Well i have my theories about addiction and in my experience they are right. Lots of people fool themselves or are fooled into thinking that they need things that they really dont. Telling yourself not to do something isnt going to work. Realising that you really dont need to do it is what works.
 
Well i have my theories about addiction and in my experience they are right. Lots of people fool themselves or are fooled into thinking that they need things that they really dont. Telling yourself not to do something isnt going to work. Realising that you really dont need to do it is what works.
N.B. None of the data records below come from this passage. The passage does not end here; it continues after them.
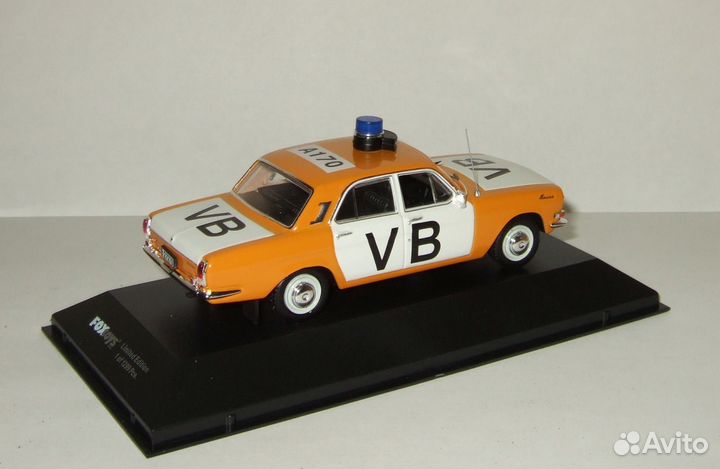 Газ 24 Волга Verejna Bezpecnost IST Foxtoys 1:43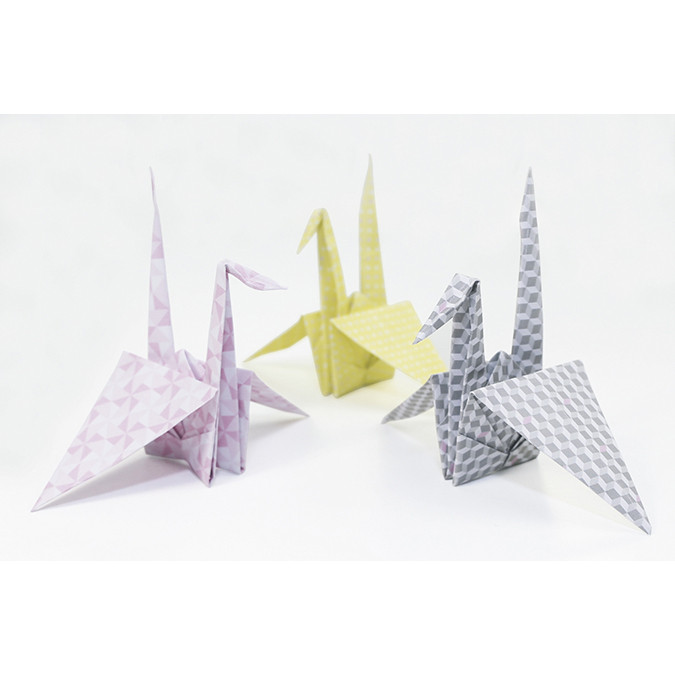 Boîte créative Mobile origami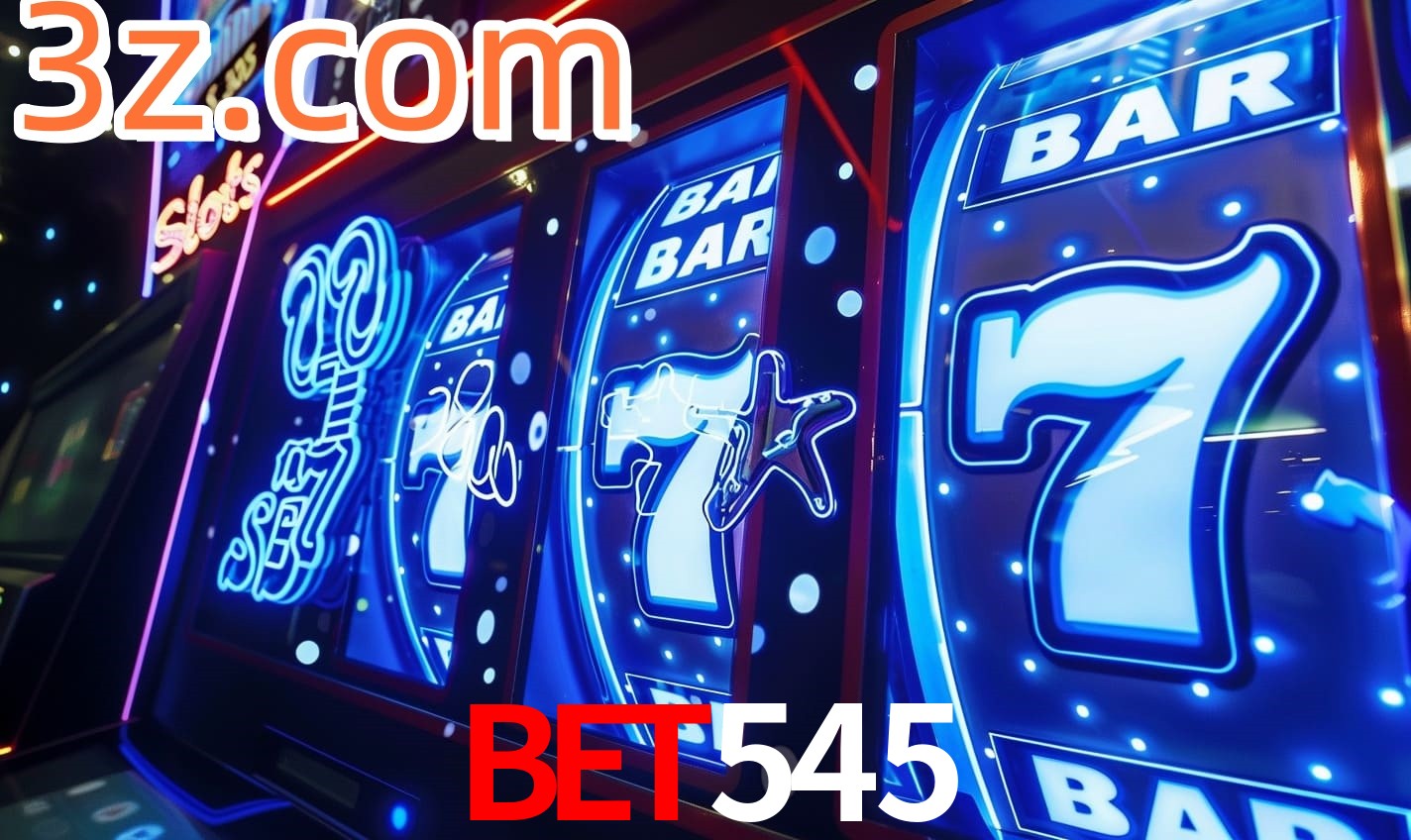 Variedade de Slots Bet545.Com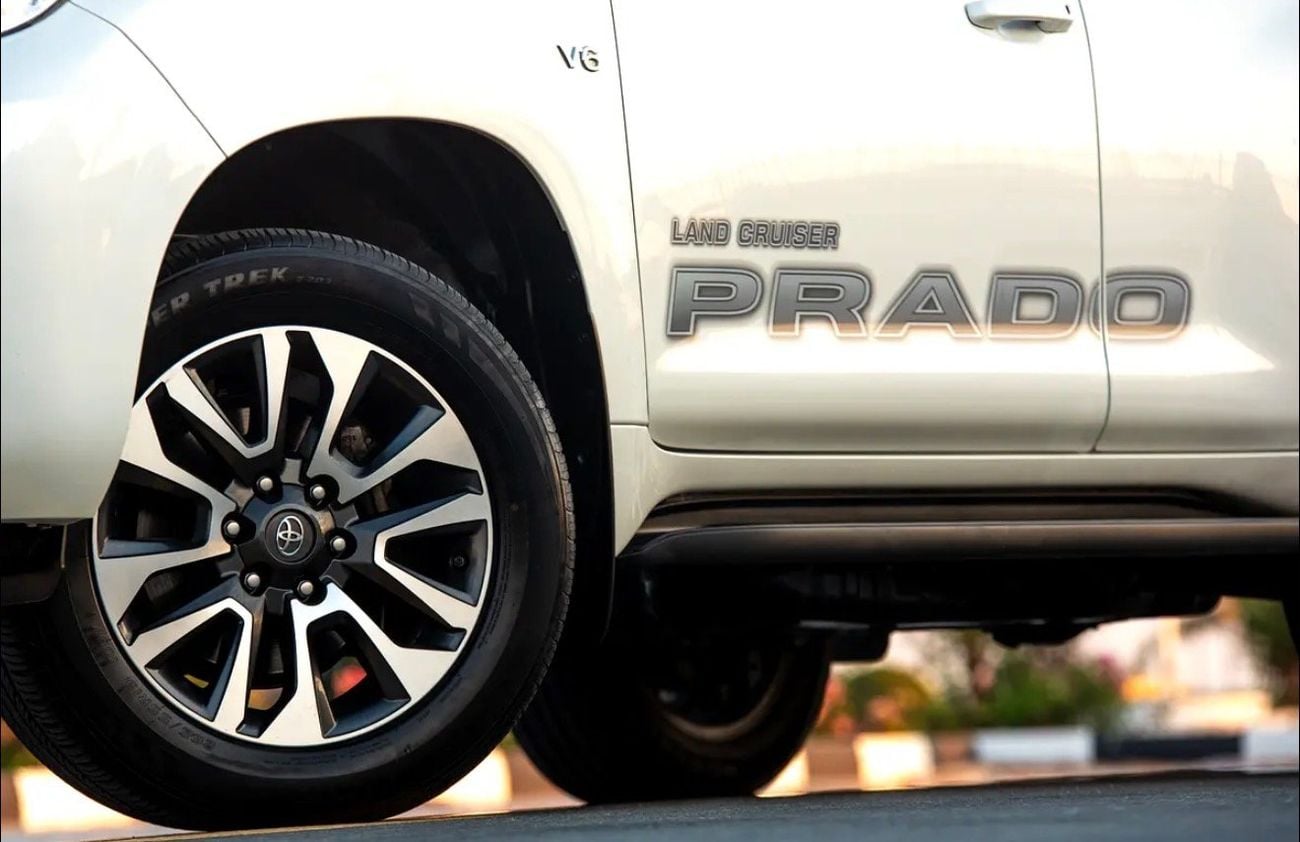 Toyota Prado 2022 Model TX-L V6 4.0L Engine Full Option Very Clean And Perfect Condition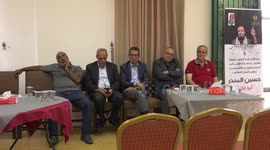 A funeral home for the leader of the Lebanese Al-Ashiqeen artistic group 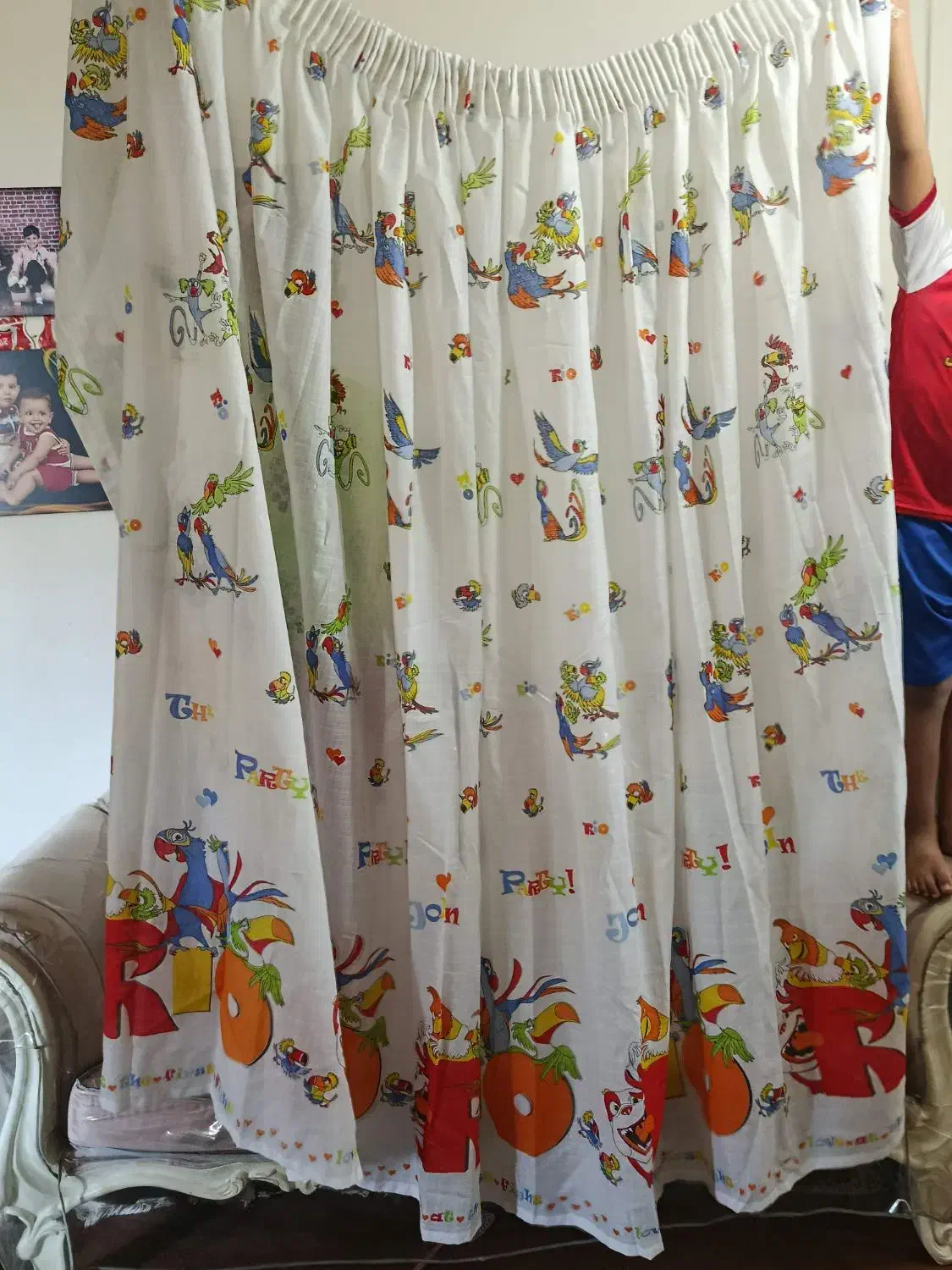 پرده طرح کودکانه|پرده، رانر، رومیزی|بندرعباس, |دیوار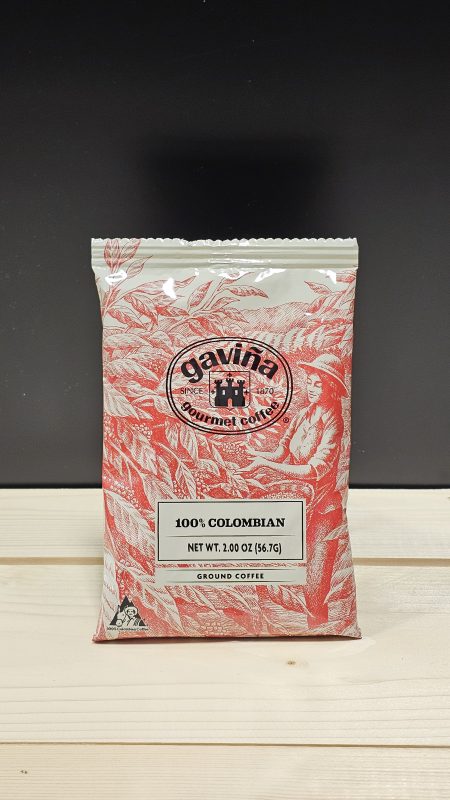 Gavina Colombian Regular Ground Coffee – Classic Latin Flavor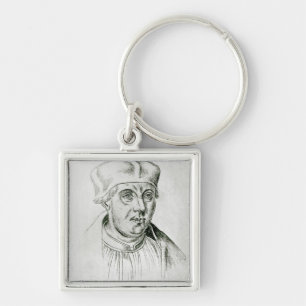 Portrait of Thomas Wolsey, cardinal of York Keychain
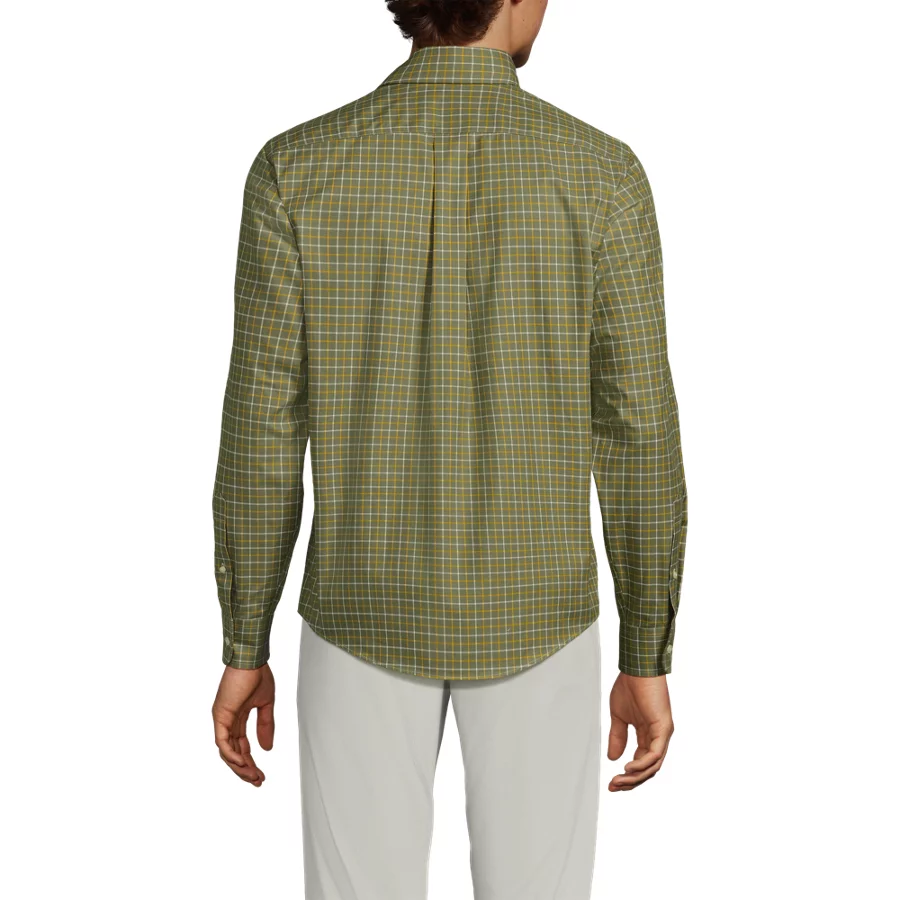 Men's No Iron Twill Shirt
If I could just suddenly snap my fingers and tell my body it doesn't need something... and cured of my affliction, that'd be wonderful. But it's not that easy.

I don't feel I *NEED* the things I take and do... I realize I don't want it, don't need it... that it'll be bad for me... and my body does it anyways. I can feel myself screaming inside during the entire process, helpless.

:(

Oh well. Further discussion won't change things.
 
I am by no means a religious person. I have a very final view of life, and when it's over, it's over. My mind cannot comprehend its own cessation of existence, and neither can anyone else (not in any absolute fashion anyway, we just aren't programmed that way).

Of course, the human fears what the human cannot comprehend.

Rationally, I shouldnt fear death, because once I get there, I wont exist to be upset about it. I like being alive however, and the idea of that ending scares me.

Pretty much my view there.
 
I'm going to get my head stuck in a freezer and revived later.
 
I really don't think about it often. I mean, sure, if some psycho pointed a magnum at my head I'd probably more than a little freaked out, but for the most part... no, I'm not.
 
I'm not scared about dieing but I'm REALLY scared about what happens when I'm dead, is there life? Blackness? Hell? Heaven? WHAT?!
 
It's blackness. You can shout "hello?" and hear an echo, but that's about it.
 
It's blackness. You can shout "hello?" and hear an echo, but that's about it.

That scares me.

Nearly as bad as my nightmares where it's pitch black and I can't move or talk. Like I'm in a really small box. :(

When you die though your brain stops working, so you won't know your dead. If that makes sense, exactly how you were before being born.
 
Yeah, that's how I envision it. It's like going to sleep, without having any dreams. That's the only remotely comprehensible way I can think of.

You cease to exist, there is no consciousness or thought.
 
I'm not scared of dying, I'm just iffy about the pain, depending on which way I die, like drowning, or burning alive. Dying to me would just be me getting remade as something else, so I wouldn't really care if it was quick, and painless.
 
Ceasing to exist doesn't sound so bad for me, but it kind of sucks to think about dead loved ones that way.
 
No. I am, however, scared of certain ways that I might die.
 
Yeah, that's how I envision it. It's like going to sleep, without having any dreams. That's the only remotely comprehensible way I can think of.

You cease to exist, there is no consciousness or thought.

No, it wont be like sleep. Death is precisely like it was before you were born.
 
im so scared of death its become my life goal to cure death. i have to stop free radicals from damaging my mitochondria, but i dont know how. thats part of the reason i want to go on a CR diet so i can hopefully live longer. oh and if i die i want to be cryogenically frozen.
 
There are times when I don't really care - if death should come my way, I'll just say screw it and die. Usually I feel this way when I have nothing going on right or I feel down. Obviously, it's the opposite when I'm in a positive mood.